Scraper-First Architecture

All read operations prefer scraping over the YouTube API:

Operation Primary (no quota) Fallback (uses quota)
Channel uploads scrapetube / RSS feed YouTube API (1-3 units/channel)
Video search scrapetube.get_search YouTube API (100 units/call)
Channel icons Page scrape (youtube_channel_icons.py) YouTube API (1 unit/50 channels)
Playlist add/remove -- YouTube API (50 units)
Not Interested -- Browser sync (no quota)
Watch Later -- Browser sync (no quota)

Python scripts:

  • scripts/youtube_channel_fallback.py — channel uploads via scrapetube/RSS
  • scripts/youtube_search_fallback.py — video search via scrapetube
  • scripts/youtube_channel_icons.py — avatar URLs by scraping channel pages

All scripts run in .runtime/discovery-venv with scrapetube installed.

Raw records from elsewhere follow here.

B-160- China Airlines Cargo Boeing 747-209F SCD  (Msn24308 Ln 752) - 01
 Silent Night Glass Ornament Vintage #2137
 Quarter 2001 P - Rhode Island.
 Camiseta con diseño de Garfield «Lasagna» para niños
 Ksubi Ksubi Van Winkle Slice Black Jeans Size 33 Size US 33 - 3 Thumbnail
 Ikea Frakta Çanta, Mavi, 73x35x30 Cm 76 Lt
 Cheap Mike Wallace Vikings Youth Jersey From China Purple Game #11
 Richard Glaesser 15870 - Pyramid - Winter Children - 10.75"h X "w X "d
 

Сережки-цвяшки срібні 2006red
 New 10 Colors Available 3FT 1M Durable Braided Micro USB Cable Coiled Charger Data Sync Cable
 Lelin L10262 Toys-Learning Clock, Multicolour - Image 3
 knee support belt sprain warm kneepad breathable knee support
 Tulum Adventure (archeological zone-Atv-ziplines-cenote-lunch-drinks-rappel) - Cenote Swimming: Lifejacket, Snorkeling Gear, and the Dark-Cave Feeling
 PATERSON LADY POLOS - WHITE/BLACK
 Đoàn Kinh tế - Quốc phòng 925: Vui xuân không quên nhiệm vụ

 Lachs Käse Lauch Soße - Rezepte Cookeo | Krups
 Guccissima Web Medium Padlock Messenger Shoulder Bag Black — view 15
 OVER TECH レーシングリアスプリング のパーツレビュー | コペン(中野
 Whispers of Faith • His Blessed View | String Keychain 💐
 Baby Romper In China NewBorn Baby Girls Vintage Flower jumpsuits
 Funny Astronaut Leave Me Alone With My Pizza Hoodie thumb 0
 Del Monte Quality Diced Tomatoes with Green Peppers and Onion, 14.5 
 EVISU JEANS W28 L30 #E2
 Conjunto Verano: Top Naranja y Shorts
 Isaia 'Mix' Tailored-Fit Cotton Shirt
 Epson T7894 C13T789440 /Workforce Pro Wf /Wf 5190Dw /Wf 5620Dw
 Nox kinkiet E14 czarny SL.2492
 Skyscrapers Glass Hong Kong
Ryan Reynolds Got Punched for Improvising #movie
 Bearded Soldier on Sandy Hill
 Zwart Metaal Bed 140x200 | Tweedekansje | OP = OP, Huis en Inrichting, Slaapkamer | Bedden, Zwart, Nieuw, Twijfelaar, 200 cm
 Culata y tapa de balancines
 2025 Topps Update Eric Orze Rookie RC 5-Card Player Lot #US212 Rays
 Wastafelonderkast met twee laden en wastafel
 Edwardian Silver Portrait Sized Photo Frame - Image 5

Each process has a 30-second timeout to prevent hangs.

Watch Pool & Ranking

After candidates are stored, the watch pool is built:

  1. Per-topic filtering: recentEligibleWatchVideos filters to candidates published within the recency window (30 days)
  2. Excluded creators: Channels the user has excluded are filtered out
  3. Topic assignment: assignWatchVideosToTopics deduplicates videos that appear in multiple topics, assigning each to its strongest topic
  4. Reranking: rerankWatchVideos applies:
    • Base score from discovery
    • Seen penalty (soft derank for app-seen videos)
    • Creator repeat penalty (prevents one channel from dominating)
    • Date tiebreaker (newer wins)

Progress Reporting

  • Sidebar: "23 Topics" becomes "Refreshing 3/23" with a mini spinner during refresh
  • Quota warning: Orange "API Quota Exhausted" in toolbar when YouTube API quota is hit (scraper still works)
  • Completion: When counter finishes, page is fully settled — all candidates and icons are cached

Cancellation

  • Switching from Watch to Saved cancels the refresh task
  • The refresh loop checks Task.isCancelled each iteration
  • Python scraper processes are terminated after 30 seconds

Key Files

File Role
OrganizerStore+CandidateDiscovery.swift Discovery orchestration, icon fetch, watch pools
OrganizerStore.swift Watch pool materialization, state properties
DiscoveryFallbackService.swift Python scraper interface (channels + search)
CandidateDiscoveryCoordinator Ranking, topic assignment, admission gates
scripts/youtube_channel_fallback.py Channel upload scraper
scripts/youtube_search_fallback.py Video search scraper
scripts/youtube_channel_icons.py Channel avatar scraper

Database Tables

Table Purpose
topic_candidates Stored candidates per topic (top 36)
candidate_sources Which source discovered each candidate
candidate_state User actions: dismissed, saved, watched
channel_discovery_archive Cached channel upload history
channel_discovery_state Last scan timestamp per channel
channels Channel metadata + icon_data blob
seen_videos Watch history for deranking